La Virgen del Rosario, en cambio, le es funcional.
Multitudes de cientos de miles consumen durante días diversos servicios que les ofrece la ex ciudad obrera. Millones de pesos quedan en el municipio.
De ciudad obrera a ciudad de turismo espiritual, de ciudad que promovía un cristianismo de transformación social a ciudad que auspicia la contemplación y la espera desesperante de un milagro individual, de ciudad trabajadora a ciudad de cuentapropistas.
Pero más allá de estas transformaciones, los intereses que criticaron a Ponce de León no solamente se mantuvieron sino que crecieron en influencia económica, política y religiosa. Los empresarios privados vinculados a la ex acería estatal se quedaron con el gran negocio; los dirigentes sindicales continuaron en sus puestos aunque seis mil obreros quedaron en la calle; los laicos que denunciaron al obispo como comunista multiplicaron sus patrimonios y los sacerdotes relacionados con todos esos sectores fueron ascendidos en la carrera institucional.
Los que mataron a Ponce de León les hicieron un gran favor a los actuales privilegiados de San Nicolás, en particular, y de la provincia de Buenos Aires, en general.
Pero, ¿quién mató al obispo?
Hay una conclusión de Emilio Mignone, gran militante cristiano que sufrió la desaparición de su hija durante del terrorismo de estado, que anota en su imprescindible libro “Iglesia y dictadura” y que resulta sugestiva pero necesaria a la hora de pensar el origen del asesinato: “La dictadura militar encontró al episcopado en un estado de ánimo propicio para esos argumentos. Los cambios copernicanos producidos por el Concilio Vaticano II (1962-1965) y los documentos aprobados en la Conferencia General del Episcopado Latinoamericano en Medellín (1968), produjeron una fuerte crisis interna en la Iglesia argentina; sorprendieron y desbordaron a los obispos, que no estaban preparados para encabezarlos y conducirlos. Los desenvolvimientos políticos de la década del 70, en parte producto de esa conmoción, terminaron por asustarlos. Su única preocupación consistió, entonces, en encontrar la forma de sacarse de encima a los perturbadores y volver al antiguo orden. Los militares se encargaron, en parte, de cumplir la tarea sucia de limpiar el patio interior de la Iglesia, con la aquiescencia de los prelados”.

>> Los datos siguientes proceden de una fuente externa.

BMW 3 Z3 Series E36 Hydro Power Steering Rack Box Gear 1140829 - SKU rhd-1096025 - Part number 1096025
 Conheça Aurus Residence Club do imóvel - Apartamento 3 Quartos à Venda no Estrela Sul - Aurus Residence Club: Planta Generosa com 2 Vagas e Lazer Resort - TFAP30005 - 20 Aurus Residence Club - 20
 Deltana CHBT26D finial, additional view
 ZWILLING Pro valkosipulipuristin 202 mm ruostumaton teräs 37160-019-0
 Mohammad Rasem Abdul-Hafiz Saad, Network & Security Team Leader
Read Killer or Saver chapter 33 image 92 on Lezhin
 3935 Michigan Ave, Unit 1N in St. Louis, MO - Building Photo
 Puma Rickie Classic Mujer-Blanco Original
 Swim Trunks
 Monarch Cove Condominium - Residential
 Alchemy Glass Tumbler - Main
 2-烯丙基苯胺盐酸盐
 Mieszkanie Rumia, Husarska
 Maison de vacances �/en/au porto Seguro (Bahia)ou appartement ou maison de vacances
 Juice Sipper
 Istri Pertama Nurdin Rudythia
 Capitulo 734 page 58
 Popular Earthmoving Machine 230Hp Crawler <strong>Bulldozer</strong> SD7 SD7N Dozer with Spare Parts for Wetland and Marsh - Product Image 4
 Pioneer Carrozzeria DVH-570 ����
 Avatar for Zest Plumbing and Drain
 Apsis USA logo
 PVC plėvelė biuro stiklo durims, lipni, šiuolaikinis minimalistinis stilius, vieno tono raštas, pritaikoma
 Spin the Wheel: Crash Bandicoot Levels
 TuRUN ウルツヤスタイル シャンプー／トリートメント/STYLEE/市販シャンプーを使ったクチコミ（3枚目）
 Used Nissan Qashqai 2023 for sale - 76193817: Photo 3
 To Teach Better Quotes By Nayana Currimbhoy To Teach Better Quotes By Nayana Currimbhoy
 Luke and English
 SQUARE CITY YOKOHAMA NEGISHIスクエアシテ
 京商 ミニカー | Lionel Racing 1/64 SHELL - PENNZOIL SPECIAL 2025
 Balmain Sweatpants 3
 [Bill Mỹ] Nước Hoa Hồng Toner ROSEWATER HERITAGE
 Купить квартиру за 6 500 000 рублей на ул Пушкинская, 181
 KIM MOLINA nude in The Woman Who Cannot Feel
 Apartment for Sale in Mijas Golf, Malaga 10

La camioneta que impactó con precisión asesina contra el Renault que conducía el obispo venía recorriendo un largo camino.
Era una ruta que funda su línea de largada en San Nicolás y en los intereses que claramente se mostraron molestos e incomodados por su pastoral.
Aquel hecho del 11 de julio de 1977 fue presentado como un accidente. Tal como habían hecho el 4 de agosto de 1976 con Angelelli.
Pero a esa máscara impuesta, se le sumó la destrucción de la memoria de la pastoral de Ponce.
Dos veces lo mataron a Ponce de León, entonces.
Cuarenta y siete años después es necesario preguntarle a la cúpula eclesiástica argentina, por qué.